Alongside cyber, healthcare and pharmaceuticals, Israel’s famed tech industry is key to our two countries’ growing trade and economic relationship. Between 2012-18, the UK-Israel Tech Hub generated 175 partnerships worth £85m, which is estimated to have boosted the UK economy by £800m. Much of the UK-Israel trade relationship would be hard to easily replicate. Israeli cyber security experts are heavily involved in helping the UK’s financial sector stave off cyber-attacks and thus play a vital part in helping London retain its status as a safe and secure global financial centre.
Trade with Israel is also playing a major role in the NHS, with the UK importing $2.8bn worth of Israeli pharmaceuticals in 2018. The Israeli firm Teva provides one in six of the NHS’ drugs. Moreover, this relationship is helping the NHS to save money. Based on the NHS’s total drugs bill and the volume of generics Teva provides for the NHS, it has been estimated that these contribute more than £2.9bn of savings per year to the British public. Israeli tech companies are also now leading the effort to digitalise the NHS. Israel is considered a world-leader in the field, with 100 percent electronic medical records.
Finally, we should be sensitive towards the attitude towards BDS of the Jewish community here in Britain. Surveys indicate that British Jews strongly support a two-state solution (less than one in five are opposed to it) and believe that the Palestinians have a “legitimate claim to a land of their own”. Leading members of the community have also publicly condemned annexation and urged the Israeli government to think again.

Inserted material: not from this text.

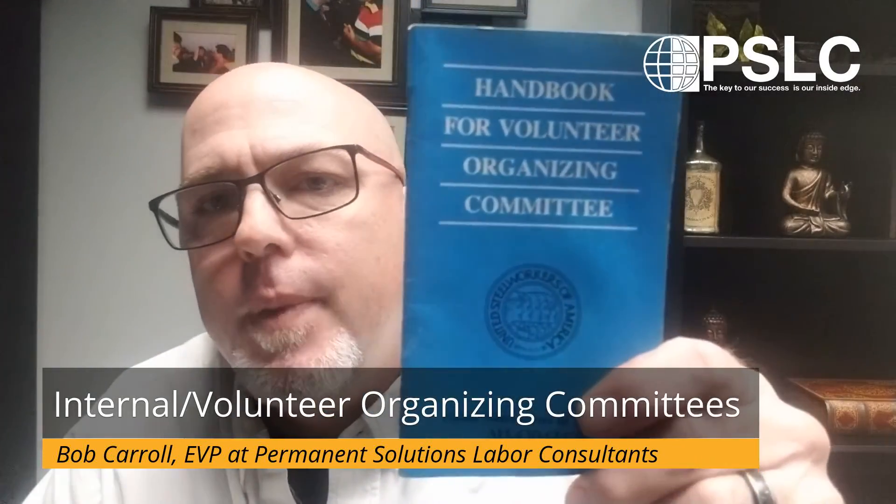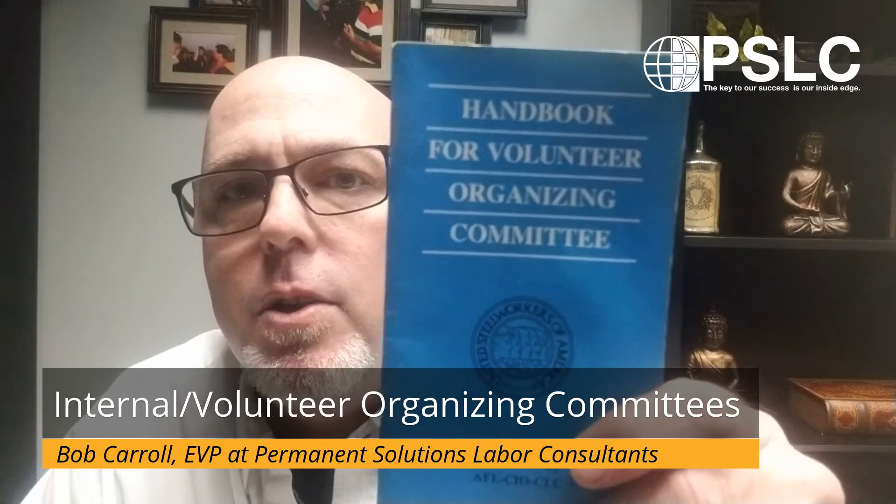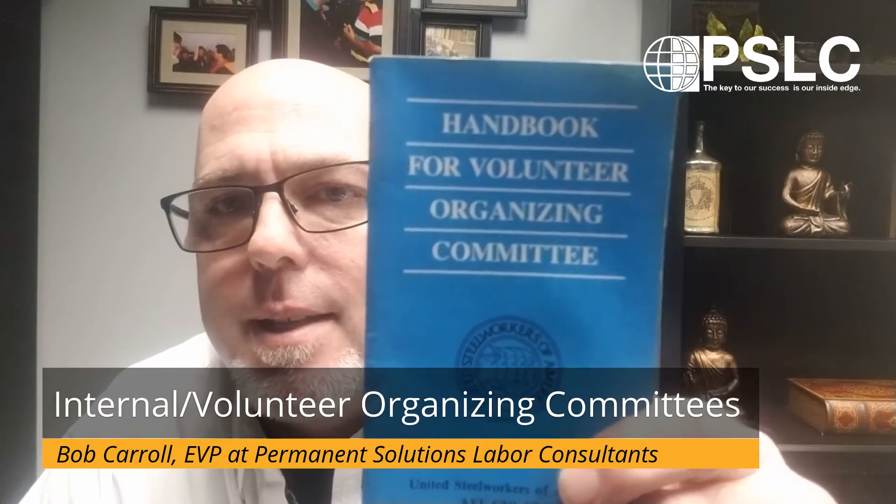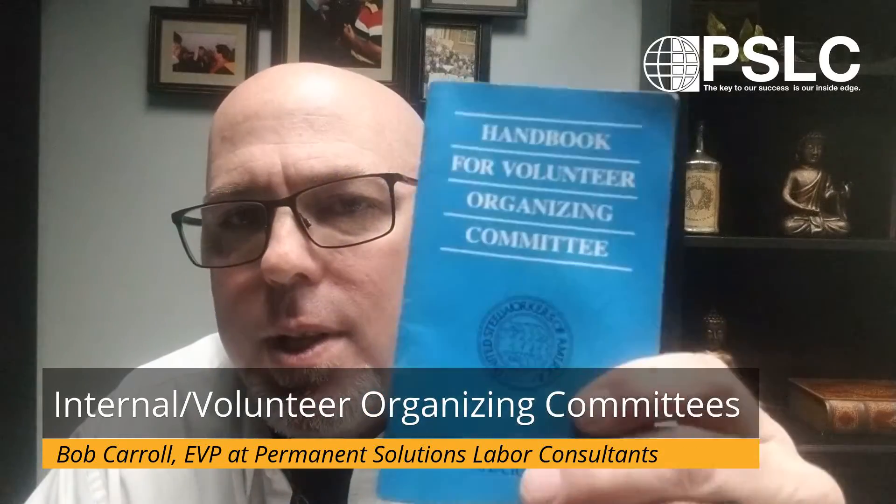Today I'm taking the union's own words from this book. This is an actual guidebook for an Internal Organizing Committee — in this case it's the Steelworkers, so it's a Volunteer Organizing Committee. Since it would take way more than ten minutes to go through this whole book, I'm going to make this a multi-part series. For today, I'm going to hit on what the Volunteer Organizing Committee is asked to do. Next week I'll go deeper and explain how they do it.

But opposition to BDS in the community is also overwhelming and fear of the campaign is marked. “The prevailing attitude towards the BDS movement, as reflected in the Jewish media and in Jewish social discourse, is that BDS is deeply unpopular and commonly regarded as anti-Semitic and/or motivated by a desire to undermine Israel’s survival,” argued a 2015 report conducted by City University. The reasons for this are not hard to discern. As the Board of Deputies has suggested “It has become a regular feature of daily life for members of the UK Jewish community to experience discomfort and intimidation at the hands of BDS activists.”
LFI believes that any response taken by the British government in the light of annexation should be both measured, effective and meet each of the following five tests: Does it harm or further the prospect of a two-state solution? Does it weaken or strengthen the voice of Israeli progressives, peace activists and opponents of annexation? Does it hurt or help the Palestinian people economically? Does it damage or bolster the British economy and our National Health Service? And does it hamper or assist the fight against antisemitism here at home and the cause of good community relations?
Many of us who are friends of Israel are distressed and disheartened by the actions of the Netanyahu government. But I believe the best way to oppose them is to redouble our efforts on behalf of a two-state solution and our work with all those in Israel and Palestine who seek to further this vital cause.